### RECORDED INFORMATION
────────────────────

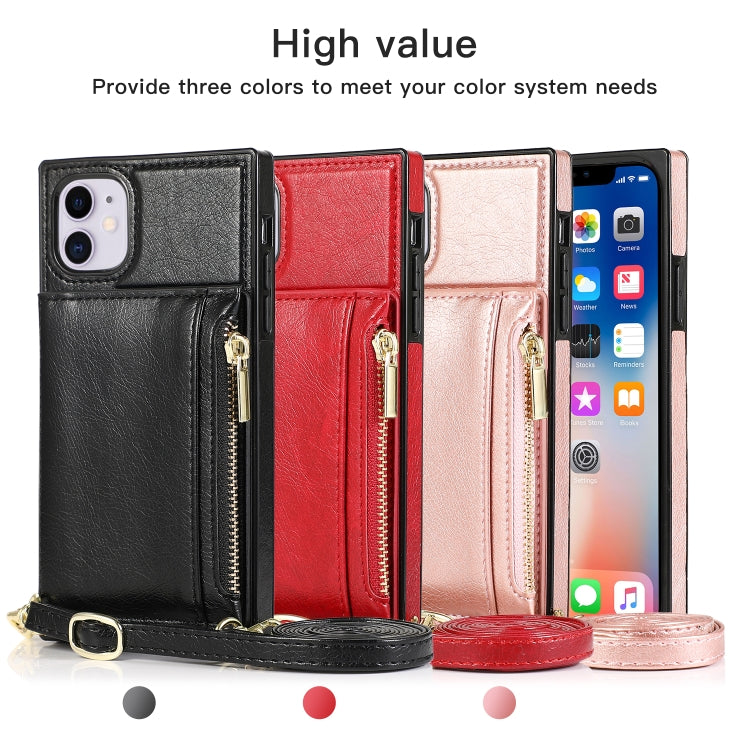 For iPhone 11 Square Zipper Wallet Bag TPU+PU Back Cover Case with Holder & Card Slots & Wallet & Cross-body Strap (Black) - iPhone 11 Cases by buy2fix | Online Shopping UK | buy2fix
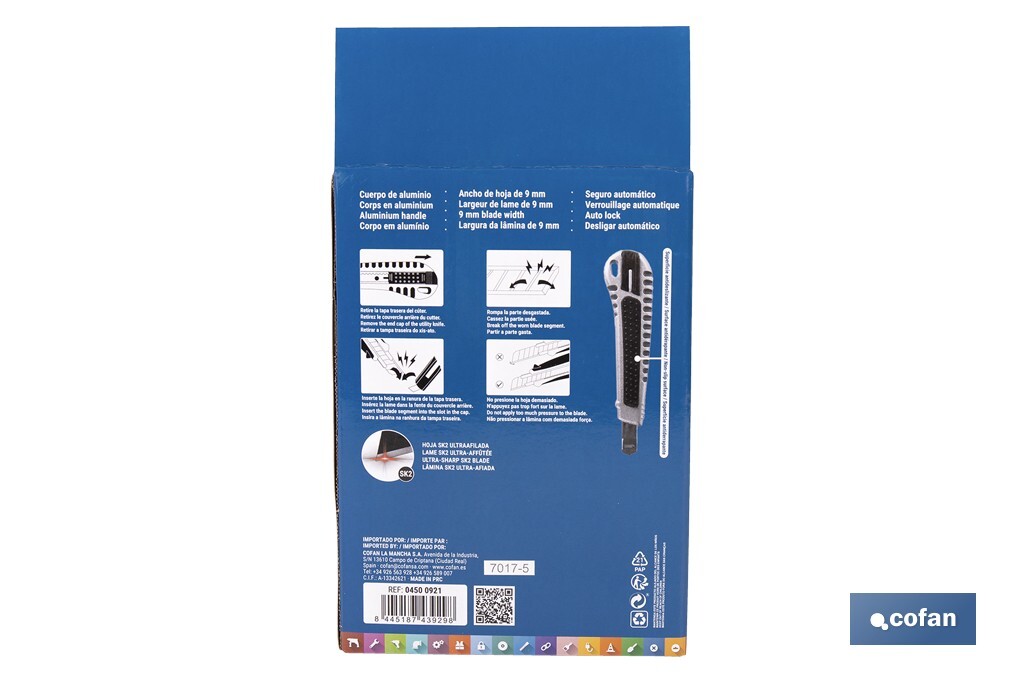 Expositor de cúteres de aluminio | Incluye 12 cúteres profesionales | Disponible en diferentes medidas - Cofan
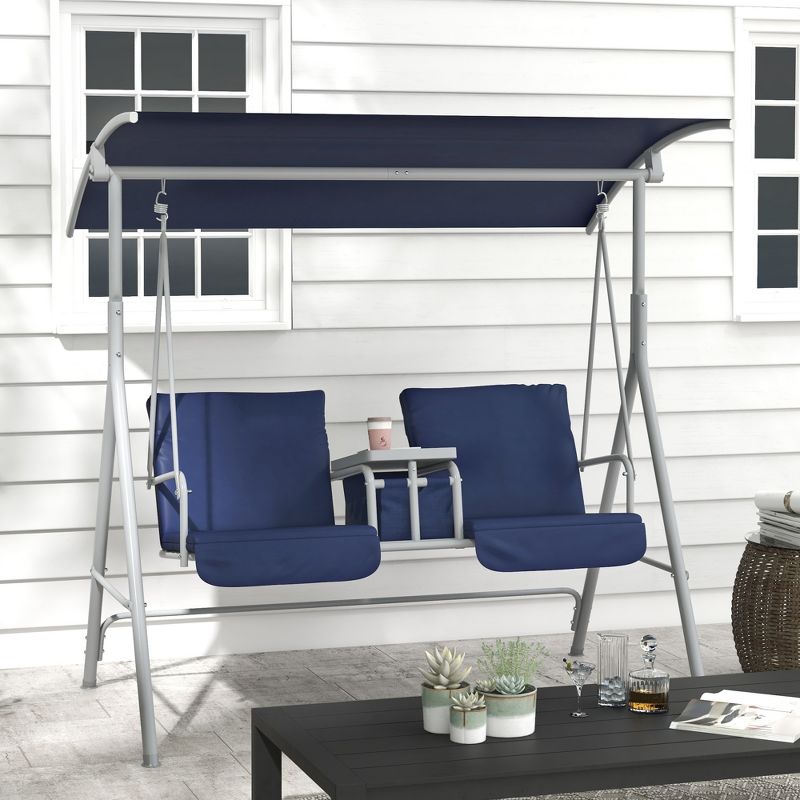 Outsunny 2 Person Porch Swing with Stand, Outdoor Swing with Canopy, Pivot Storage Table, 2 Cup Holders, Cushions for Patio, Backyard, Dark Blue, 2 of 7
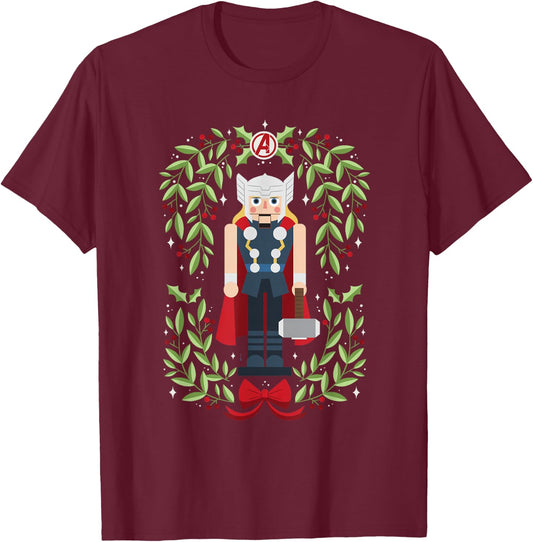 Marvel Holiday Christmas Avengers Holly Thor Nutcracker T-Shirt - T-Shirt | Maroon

────────────────────

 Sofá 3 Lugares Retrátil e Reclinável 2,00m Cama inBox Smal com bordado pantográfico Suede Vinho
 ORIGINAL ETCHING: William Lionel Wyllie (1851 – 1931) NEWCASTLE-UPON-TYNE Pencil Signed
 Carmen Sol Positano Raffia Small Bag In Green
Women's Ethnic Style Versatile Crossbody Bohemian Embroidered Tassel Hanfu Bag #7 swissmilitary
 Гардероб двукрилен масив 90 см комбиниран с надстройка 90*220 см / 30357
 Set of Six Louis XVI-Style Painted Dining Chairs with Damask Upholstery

────────────────────

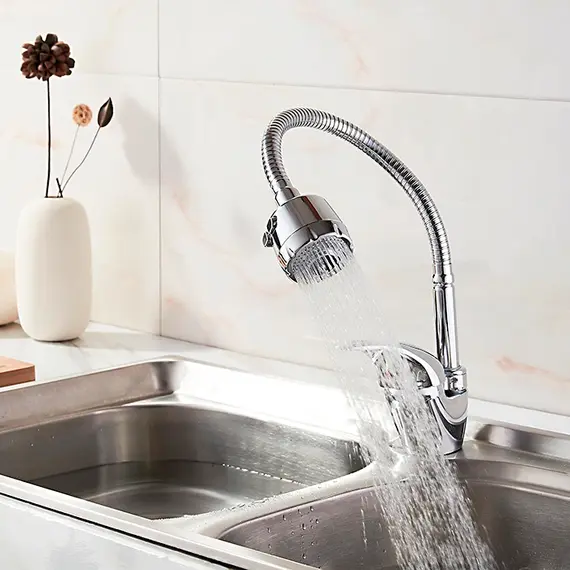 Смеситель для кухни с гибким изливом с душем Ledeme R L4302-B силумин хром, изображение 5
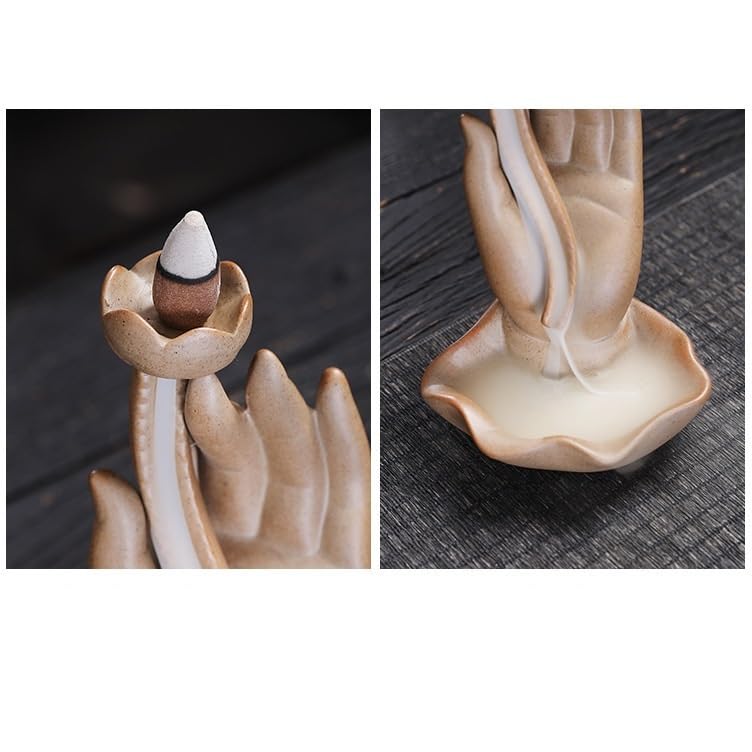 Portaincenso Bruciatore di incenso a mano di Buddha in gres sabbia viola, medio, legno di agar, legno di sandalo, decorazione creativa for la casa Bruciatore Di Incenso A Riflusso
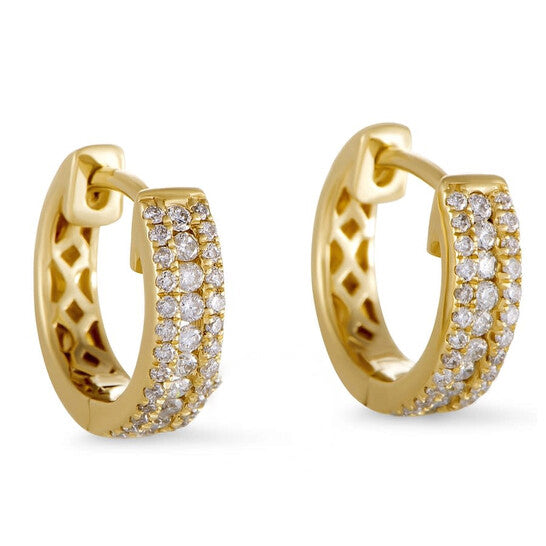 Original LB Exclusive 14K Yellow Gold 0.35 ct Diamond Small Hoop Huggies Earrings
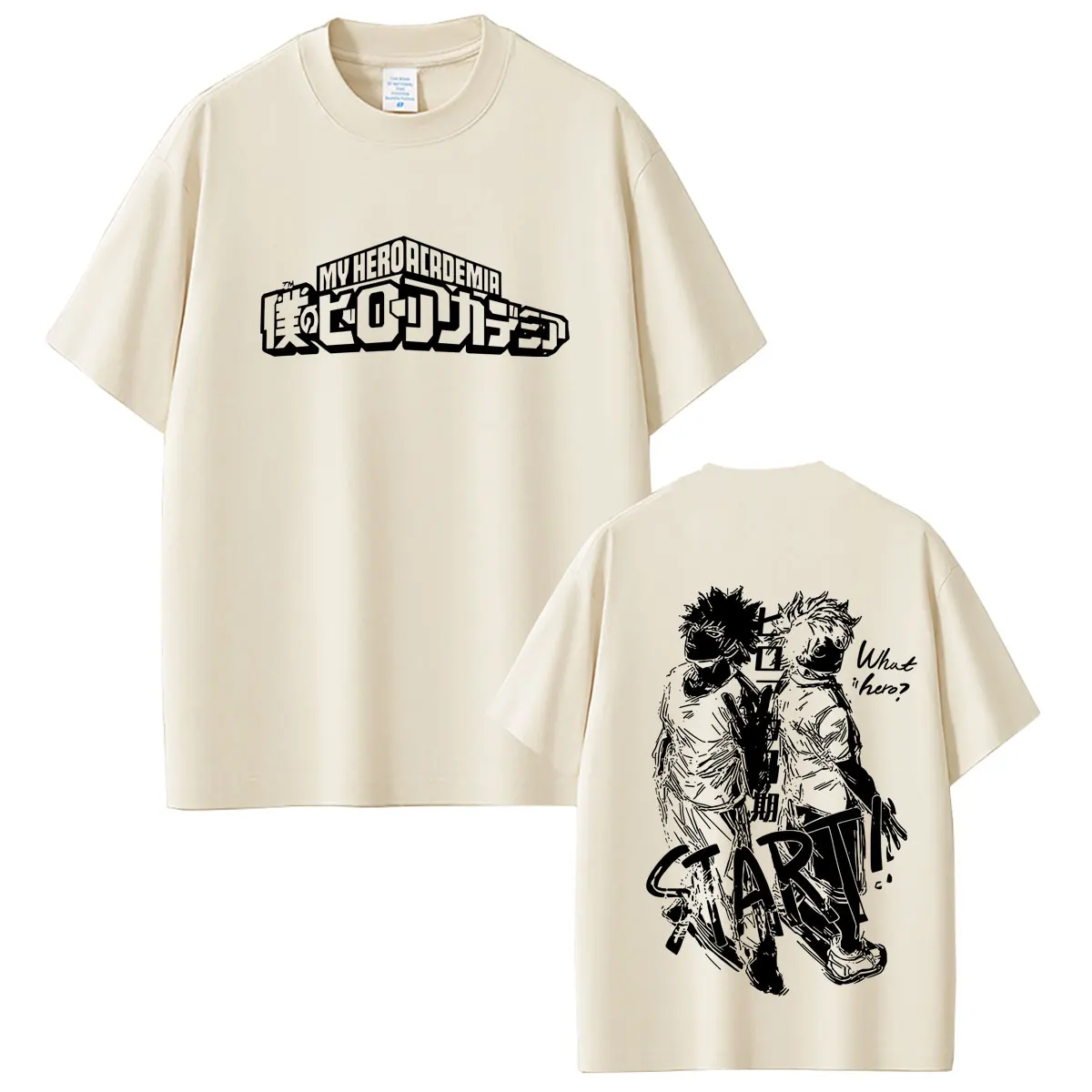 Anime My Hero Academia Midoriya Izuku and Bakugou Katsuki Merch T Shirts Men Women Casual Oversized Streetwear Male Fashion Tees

────────────────────

### TASK
Copy exactly the lines of the entries above from the one containing "Portaincenso Bruciatore di" through the one containing "Anime My Hero". Both end lines count; pictures do not.

### ANSWER SECTION
 Portaincenso Bruciatore di incenso a mano di Buddha in gres sabbia viola, medio, legno di agar, legno di sandalo, decorazione creativa for la casa Bruciatore Di Incenso A Riflusso
 Original LB Exclusive 14K Yellow Gold 0.35 ct Diamond Small Hoop Huggies Earrings
 Anime My Hero Academia Midoriya Izuku and Bakugou Katsuki Merch T Shirts Men Women Casual Oversized Streetwear Male Fashion Tees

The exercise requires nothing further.